Dans ce contexte ancien, il fallait beaucoup de courage à mon ancêtre pour oser braver le roi et sortir
de sa réserve, dire en séance mercuriale (parlement) combien cela le tourmentait de voir brûler des
chrétiens qui sur le bûcher, invoquaient le nom du Christ en mourant. « Ce n’est pas une petite
affaire » aurait-il dit. Anne Du Bourg aurait assisté à plusieurs morts remarquables dans la dignité de
protestants, dont Anne Audebert et Claude Thierry, lesquelles rendirent gloire à Dieu et son fils
pendant leur supplice.

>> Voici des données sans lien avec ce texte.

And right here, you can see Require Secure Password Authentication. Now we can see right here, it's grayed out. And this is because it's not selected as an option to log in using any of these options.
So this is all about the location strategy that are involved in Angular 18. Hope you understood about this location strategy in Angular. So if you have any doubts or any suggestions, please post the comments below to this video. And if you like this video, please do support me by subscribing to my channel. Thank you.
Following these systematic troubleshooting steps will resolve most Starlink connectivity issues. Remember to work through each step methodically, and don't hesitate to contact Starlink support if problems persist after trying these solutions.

Anne Du Bourg était un homme posé, de bonne réputation et d’un grand
charisme. Il était éloquent et écouté.
Ce réquisitoire fut tellement convainquant, tellement dérangeant que tout magistrat et conseiller du
roi qu’il fut, on l’embastilla derechef.
Il lui a d’autant moins été pardonné que justement, c’était un proche de la cour et un homme d’état.

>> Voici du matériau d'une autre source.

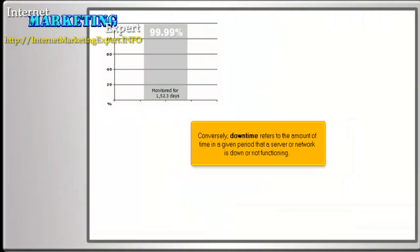Conversely, downtime refers to the amount of time in a given period that a server or network is down or not functioning.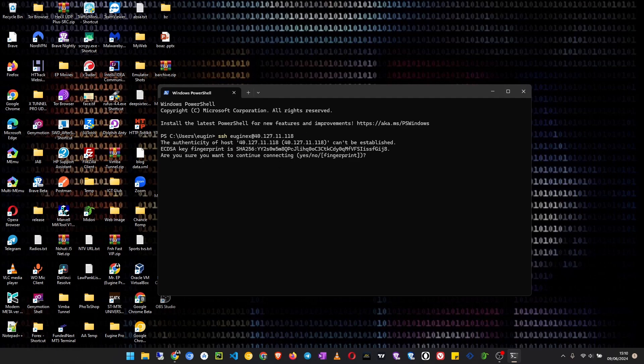Hit enter, and then it will ask you to confirm that you want to actually connect. So type yes and hit enter.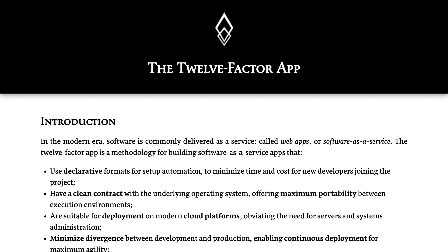Hi everyone, welcome back to my YouTube channel. This is not another playlist, but I will be talking about one separate topic which is about Node.js microservices and the 12 Factor App. I have a lot of playlists which talk about Node.js microservices and NestJS, but what I want to do is combine all these things together in terms of deployment, configuration, and making your application compatible with the 12 Factor App.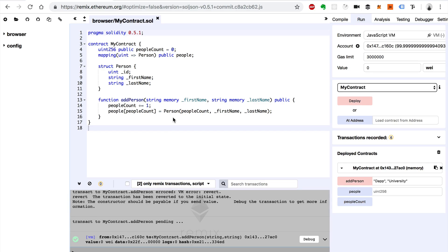I'm going to pick up where we left off in the last video. I'll use my contract that we built where we added a person struct to this mapping of people. If you haven't seen that last video, go ahead and check that out — it's not necessary, but you can probably follow along with this video.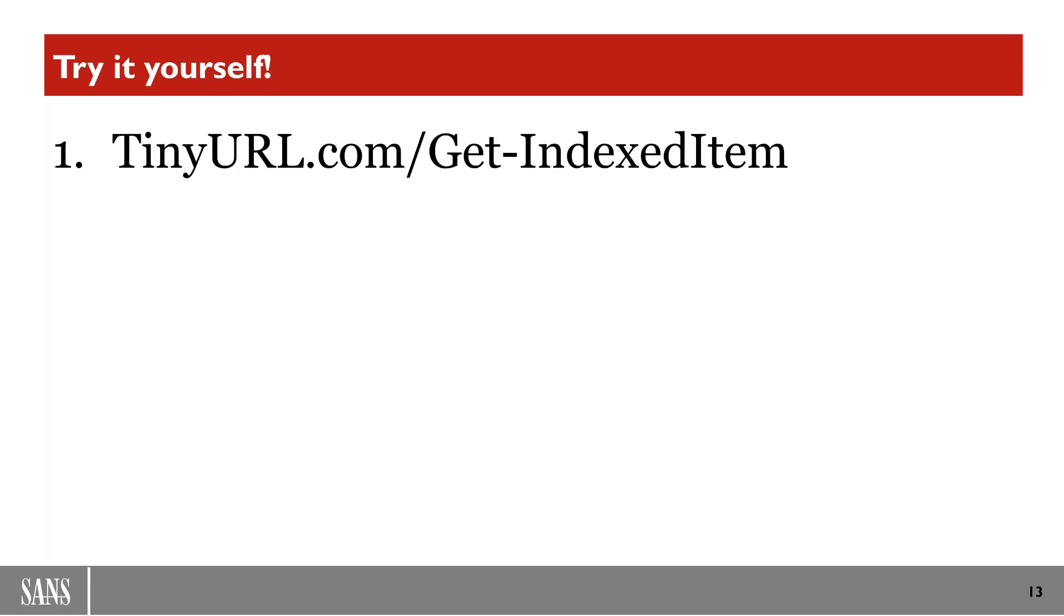So try it out yourself. I've made a tiny URL for you to go ahead and download and get this very helpful script. What I would encourage you to do is take it, play with it and see how you like it. I'm sure you will, though.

Homme mûr qu’il était, il avait femme et enfants qui ont dû assister à ce meurtre d’état un 23
décembre, veille de Noël. On continue de faire ceci de nos jours, quand on veut punir des gens plus
que la loi ne le permet, en les mettant en garde à vue le jour d’un anniversaire, en donnant des
verdicts infâmes le jour de leur fête, et ceci dans le monde entier. Imaginez comment, des
générations durant, la famille DUBOURG a fêté Noël ? A trente-huit ans, âge respectable de l’époque,
celui-ci avait eu le temps d’avoir de grands enfants qui ont dû s’en souvenir, un souvenir cuisant, sans
jeu de mots…
« Mes amis, je ne suis pas ici en tant que malfrat, mais au nom du Christ », aurait dit Anne du Bourg ,
en partant pour sa mort.
La place de Grève est l’ancien nom de la place de l’Hôtel de Ville à Paris, c’est ici qu’Anne du Bourg a
donné sa vie pour la tolérance. Pensez-y avec gratitude, lorsque vous marcherez sur ces pavés
souillés du sang du juste. Ma proposition est de consacrer la date du 23 décembre en tant que
journée de la tolérance, de la liberté de penser.
Merci à tous ceux qui ont recueilli sur internet des traces de cette histoire en mémoire de ce juste.